* _Exercise description_
In the records below, find the line that contains "erima-ballon-football-hybrid-training-2.0" and the line that contains "MAN Lions Coach". Set down exactly those lines and every line between them, and nothing more.

* _Record excerpts_
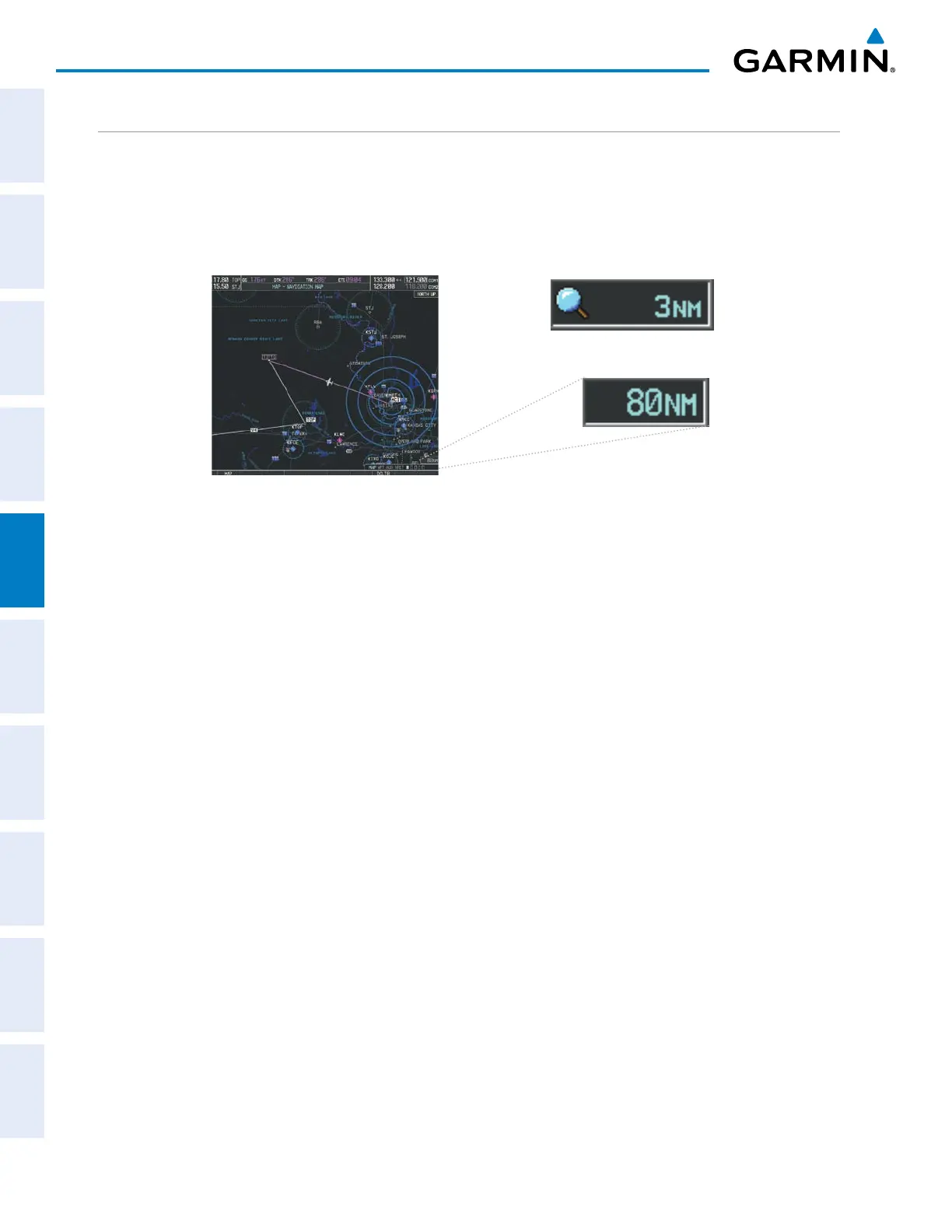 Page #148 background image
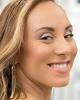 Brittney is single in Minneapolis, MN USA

* * *

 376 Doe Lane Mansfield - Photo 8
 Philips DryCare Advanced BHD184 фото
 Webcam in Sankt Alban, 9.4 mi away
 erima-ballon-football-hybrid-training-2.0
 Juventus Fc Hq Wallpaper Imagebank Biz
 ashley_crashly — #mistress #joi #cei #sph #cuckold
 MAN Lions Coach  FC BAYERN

* _Answer_
 erima-ballon-football-hybrid-training-2.0
 Juventus Fc Hq Wallpaper Imagebank Biz
 ashley_crashly — #mistress #joi #cei #sph #cuckold
 MAN Lions Coach  FC BAYERN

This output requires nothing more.